Few of Shakespeare contemporaries are still produced regularly and, when one thinks of modern playwrights, it’s difficult to imagine many existing hundreds of years into the future as well. So, what is it about Shakespeare’s work that makes him so unique? What keeps people coming back, year after year, to see his shows staged in both traditional and modern productions? Considering the vast resume of Tom Story and Ted van Griethuysen, I thought they would be the perfect people to ask.
“He’s better than all of the others,” states van Griethuysen. “When someone asks me, ‘What is Shakespeare?’ the answer would be that it’s not the plot for the plays, because those he gets mostly from other sources. It’s not even the characters, but that comes closer.

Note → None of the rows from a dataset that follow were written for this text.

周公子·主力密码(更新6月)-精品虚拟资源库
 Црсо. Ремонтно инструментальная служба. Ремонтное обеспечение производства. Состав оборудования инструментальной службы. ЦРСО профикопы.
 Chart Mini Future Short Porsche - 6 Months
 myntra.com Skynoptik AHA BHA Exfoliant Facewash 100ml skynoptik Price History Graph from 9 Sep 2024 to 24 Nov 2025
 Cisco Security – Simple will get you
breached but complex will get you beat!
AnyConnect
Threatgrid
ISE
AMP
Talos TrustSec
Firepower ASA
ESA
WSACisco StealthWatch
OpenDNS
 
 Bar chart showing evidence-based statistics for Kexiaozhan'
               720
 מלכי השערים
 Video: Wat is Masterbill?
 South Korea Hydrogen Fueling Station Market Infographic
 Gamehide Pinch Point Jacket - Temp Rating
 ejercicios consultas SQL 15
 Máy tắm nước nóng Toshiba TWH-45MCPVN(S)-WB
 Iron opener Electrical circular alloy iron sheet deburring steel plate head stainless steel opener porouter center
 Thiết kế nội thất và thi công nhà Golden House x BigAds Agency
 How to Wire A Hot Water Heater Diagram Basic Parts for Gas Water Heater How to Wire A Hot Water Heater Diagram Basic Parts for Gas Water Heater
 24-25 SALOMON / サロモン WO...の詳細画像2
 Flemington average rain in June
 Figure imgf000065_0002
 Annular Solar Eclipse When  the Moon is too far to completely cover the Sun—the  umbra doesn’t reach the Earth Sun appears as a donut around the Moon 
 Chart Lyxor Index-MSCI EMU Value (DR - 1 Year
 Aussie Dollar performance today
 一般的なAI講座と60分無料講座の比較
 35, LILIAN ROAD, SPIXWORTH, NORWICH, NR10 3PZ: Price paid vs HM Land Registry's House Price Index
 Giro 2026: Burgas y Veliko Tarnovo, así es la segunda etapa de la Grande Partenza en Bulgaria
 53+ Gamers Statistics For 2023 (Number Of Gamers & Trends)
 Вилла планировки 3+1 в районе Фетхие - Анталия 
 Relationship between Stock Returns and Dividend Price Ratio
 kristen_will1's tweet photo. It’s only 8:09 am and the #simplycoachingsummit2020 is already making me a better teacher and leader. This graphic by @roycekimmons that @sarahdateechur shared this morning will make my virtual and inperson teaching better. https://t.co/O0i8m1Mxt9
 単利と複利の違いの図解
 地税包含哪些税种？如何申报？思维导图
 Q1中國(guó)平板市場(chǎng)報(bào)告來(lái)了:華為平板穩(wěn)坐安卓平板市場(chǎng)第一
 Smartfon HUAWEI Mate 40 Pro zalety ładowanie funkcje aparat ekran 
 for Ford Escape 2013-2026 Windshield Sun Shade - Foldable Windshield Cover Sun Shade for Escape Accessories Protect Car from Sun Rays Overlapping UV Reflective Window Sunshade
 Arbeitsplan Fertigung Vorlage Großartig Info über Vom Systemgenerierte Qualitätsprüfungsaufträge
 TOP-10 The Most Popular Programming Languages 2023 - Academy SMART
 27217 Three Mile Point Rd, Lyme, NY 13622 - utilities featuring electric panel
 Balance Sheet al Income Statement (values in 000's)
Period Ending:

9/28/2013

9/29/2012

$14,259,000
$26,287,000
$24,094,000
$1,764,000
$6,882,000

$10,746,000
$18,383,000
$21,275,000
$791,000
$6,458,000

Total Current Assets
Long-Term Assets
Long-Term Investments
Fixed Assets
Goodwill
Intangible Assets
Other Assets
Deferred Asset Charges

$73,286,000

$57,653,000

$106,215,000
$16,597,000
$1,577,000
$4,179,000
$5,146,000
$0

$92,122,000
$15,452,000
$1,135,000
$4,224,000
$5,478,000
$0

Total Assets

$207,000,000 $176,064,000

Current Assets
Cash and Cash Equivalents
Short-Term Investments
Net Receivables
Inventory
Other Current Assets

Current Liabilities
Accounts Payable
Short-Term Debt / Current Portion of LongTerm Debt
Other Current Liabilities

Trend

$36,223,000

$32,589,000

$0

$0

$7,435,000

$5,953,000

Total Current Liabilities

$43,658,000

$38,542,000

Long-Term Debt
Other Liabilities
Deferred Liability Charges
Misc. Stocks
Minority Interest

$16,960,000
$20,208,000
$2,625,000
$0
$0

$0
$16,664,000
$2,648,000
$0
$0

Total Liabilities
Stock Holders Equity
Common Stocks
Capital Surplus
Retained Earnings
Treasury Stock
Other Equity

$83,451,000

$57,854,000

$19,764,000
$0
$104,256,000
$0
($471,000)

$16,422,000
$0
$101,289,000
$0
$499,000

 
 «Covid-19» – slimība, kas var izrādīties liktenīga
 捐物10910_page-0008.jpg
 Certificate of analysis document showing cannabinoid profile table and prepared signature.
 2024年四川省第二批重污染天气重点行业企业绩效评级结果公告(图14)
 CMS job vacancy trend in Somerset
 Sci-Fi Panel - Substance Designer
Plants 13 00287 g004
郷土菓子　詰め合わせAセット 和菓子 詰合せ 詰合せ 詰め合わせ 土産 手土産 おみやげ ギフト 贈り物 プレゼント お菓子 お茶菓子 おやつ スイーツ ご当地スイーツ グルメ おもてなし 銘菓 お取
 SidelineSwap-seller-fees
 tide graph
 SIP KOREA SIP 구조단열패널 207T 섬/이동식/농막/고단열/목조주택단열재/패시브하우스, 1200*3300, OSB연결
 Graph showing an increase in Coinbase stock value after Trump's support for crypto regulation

“Shakespeare is what he says and how he says it,” continues van Griethuysen. “He’s regarded as being the most rich source of human condition, knowledge and experience as any dramatist who’s ever written or may ever write. And he says it in a way that goes directly to the heart and to the mind. He speaks to the human being in a way that I don’t think any dramatist ever has. I think Shakespeare himself was puzzled as to where it all came. I don’t think he knew.”
The cast of “The Winter’s Tale” includes many veterans of Shakespeare’s work. Along with Tom Story and Ted van Griethuysen, the cast includes Sean Arbuckle, Todd Bartels, Brent Carver, Mark Harelik, Nancy Robinette, Heather Wood and Hannah Yelland. Original music was composed by Nico Muhly, a rising star whose first opera is a co-commission by the Metropolitan Opera and the Lincoln Center Theater Opera/Theater Commissions Program in a co-production with the English National Opera. Along with Muhly, music direction is handled by Ellis Ludwig-Leone, sound by Matt Tierney, lighting design by Christopher Akerlind, costume design by David Zinn, choreography by Camille A. Brown; and set design by Christine Jones. Casting was done by Laura Stanczyk, CSA; and Gillian Lane-Plescia served as vocal coach. Rebecca Taichman, who previously directed “Sleeping Beauty Wakes” and “Twelfth Night” at McCarter returns as director.
“It’s just a team of really creative people and a great group of actors,” said Story. “It feels like that thing that you live for that you don’t get to do that much... a real collaboration with exciting people who are all at the top of their game!”
When attending the show, be sure to arrive early for a special 20-minute discussion led by a member of McCarter’s artistic staff. These discussions will help you learn more about the themes and style of the play, information about production elements, and more. Each discussion takes place 45 minutes before the performance.
“I think Shakespeare’s still relevant because he said things about humanity in a way that no one before him or since has been able to say,” said Story. “It is mind boggling and no matter how much work you’ve done, you’re constantly surprised by the insight he had into the human condition. I’m always amazed that this one person was able to understand so many different emotions and so many different kinds of people. I think because of that, he will live forever.”
“The Winter’s Tale” by William Shakespeare, directed by Rebecca Taichman, on stage at McCarter Theatre Center in the Matthews Theatre Auditorium April 2 - April 21, 2013.